Ten tips to ensure you get the warmest coat for your money this winter.

Are you looking to buy a winter coat? Do you feel the cold and and want to make a good investment in your warmth by choosing the right coat or jacket but don’t know where to start because there is so much choice?

This post may help you!

Here are some things to look for when choosing a WARM winter coat.

Last year, as someone who suffers pathetically in cold weather (think uncontrollable shaking, turning blue and actual pain in my lower back muscles) I researched winter coats – I still made a bad choice.

This year, having experienced a friends coat that changed everything, I have researched some more and am on the point of investing in my ultimate coat.

Last year, after a process of online research and doing a survey of friends opinions into ‘warm parkers for women’ – I decided to buy a parker from a Norwegian company called Didriksons at a cost of £270, the price of… well whatever you’d like to buy for £270.  It was a big spend for me but I’d done my research and figured, as an adult I easily get five years out of a good coat, that this coat was actually only £50 a year (or a £1 a week) and so a bargain!

I was impressed with the quality when it arrived (very late from Blacks) it was sheep-style fleece lined, with waterproof outer and fur trim and I liked the flattering fitted shape and the in-fashion khaki colour… It had built in wrist warmers, and was designed not to let the wind in. What I hadn’t realised at the time was the need to consider the type of insulation – I had gone for wind and waterproofing rather than insulation quality.

This year, still feeling the cold painfully and subsequently having been ‘diagnosed’ by ancestryDNA as more Iberian than English – I am back to the drawing board.


This is what I have found:


Ten tips to ensure you get the warmest coat for your money this winter.

1. The best insulation comes from Bird Down vs Synthetic.  Down is the fluffy underlay to feathers and is usually from ducks or geese. Real down is lighter and warmer than synthetic but synthetic is more water resistant than down.  Ask: ‘Is the insulation down or synthetic?

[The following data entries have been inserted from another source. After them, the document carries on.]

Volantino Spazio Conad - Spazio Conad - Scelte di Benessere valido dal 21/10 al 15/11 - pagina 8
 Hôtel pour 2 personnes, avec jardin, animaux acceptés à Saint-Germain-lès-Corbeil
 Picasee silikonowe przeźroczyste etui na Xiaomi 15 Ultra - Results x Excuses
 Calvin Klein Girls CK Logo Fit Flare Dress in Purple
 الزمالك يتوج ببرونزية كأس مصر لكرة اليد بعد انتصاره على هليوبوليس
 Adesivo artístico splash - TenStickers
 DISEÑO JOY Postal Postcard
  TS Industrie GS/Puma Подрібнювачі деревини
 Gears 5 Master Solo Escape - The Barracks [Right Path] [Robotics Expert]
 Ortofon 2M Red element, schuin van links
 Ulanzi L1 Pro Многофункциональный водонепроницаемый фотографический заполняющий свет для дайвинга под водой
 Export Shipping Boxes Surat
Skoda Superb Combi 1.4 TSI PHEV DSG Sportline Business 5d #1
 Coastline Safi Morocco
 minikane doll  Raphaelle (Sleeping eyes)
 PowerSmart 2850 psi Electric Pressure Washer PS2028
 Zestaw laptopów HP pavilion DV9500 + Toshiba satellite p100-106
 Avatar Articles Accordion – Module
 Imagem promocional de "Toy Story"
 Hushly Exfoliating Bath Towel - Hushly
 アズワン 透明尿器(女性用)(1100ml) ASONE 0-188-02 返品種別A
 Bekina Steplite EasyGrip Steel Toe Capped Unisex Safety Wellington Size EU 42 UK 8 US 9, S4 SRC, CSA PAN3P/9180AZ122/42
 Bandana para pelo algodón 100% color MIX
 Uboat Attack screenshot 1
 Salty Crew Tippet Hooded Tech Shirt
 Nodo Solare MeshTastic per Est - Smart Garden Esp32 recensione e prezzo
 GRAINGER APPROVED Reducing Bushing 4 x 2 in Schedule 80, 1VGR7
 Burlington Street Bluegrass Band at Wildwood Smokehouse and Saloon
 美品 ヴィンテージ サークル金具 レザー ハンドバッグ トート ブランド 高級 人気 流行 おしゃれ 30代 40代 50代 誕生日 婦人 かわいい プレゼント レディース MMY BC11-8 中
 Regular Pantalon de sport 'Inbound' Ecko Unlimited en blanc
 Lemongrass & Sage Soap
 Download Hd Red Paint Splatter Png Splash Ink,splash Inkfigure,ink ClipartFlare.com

2. The best down for warmth is goose rather than duck –Ask: ‘Is it Goose Down or Duck Down?’

3. Choose only Responsibly Sourced Down (RSD) which is made from the down of birds already processed for the meat market therefore is a by-product rather than stripped from living birds who suffer pain, fright and sores from continuous stripping. Ask ‘Is it RSD?

4. If you are likely to get wet then consider synthetic insulation rather than down – it is not as warm but will withstand showers better – if warmth is still your priority ie. you want the highest level of warmth AND to be shower proof then ask if the down jacket has a water repellent coating. Some have others haven’t so do ask. If not, then you must buy a thin waterproof jacket to go over your down jacket. Some parkers have a down coat topped with a sturdy rain-proof outer shell. Ask: Is the outer fabric water resistant, water proof or neither?

5. Go for big chunky rolls of insulation rather than the fashionable diamonds or small thin flat rolls. The more compressed the down or synthetic fibre in the sections the less heat (air)  it will hold also the excess stitching will result in greater heat and feather loss through seams. Look at roll size and chunkiness and amount of stitching.

6. The tighter the weave of the outer fabric the fewer feathers will be lost too. Look at the tightness of the weave, ruffle the coat a bit, can you see any down poking through?

7. In the same way duvets are rated with togs, down jackets have ratings that (those who have bothered to list i.e. those who think their product is worth boasting about seem to range between 500 – 700) Always go higher than you think you need. Ask: What is the down rating?

8. Does the jacket just have  a pop-out shell hood? For an all round cocooned-in warm feel the hood should be insulated too. The neck of the jacket, which also should be insulated, should funnel right up to the hood so you can bury your face into it against the cold. Check the hood.

9. Its all well storing your built-up heat behind all that insulation but if the coat is not sealed at the base or waist and at the wrists and neck, the wind will blow it all out. The worst part of this is the wind will replace your warmth with cold air. Check Access points for wind

10. You will be spending a lot of time with this coat and relying on it so, like a good friend, you must love it! The colour, the fit, the style – will you actually enjoy wearing this coat? Can you look after it in the way it needs caring for? You will probably also be spending a fair bit of money on it! So, Ask: Do you love it?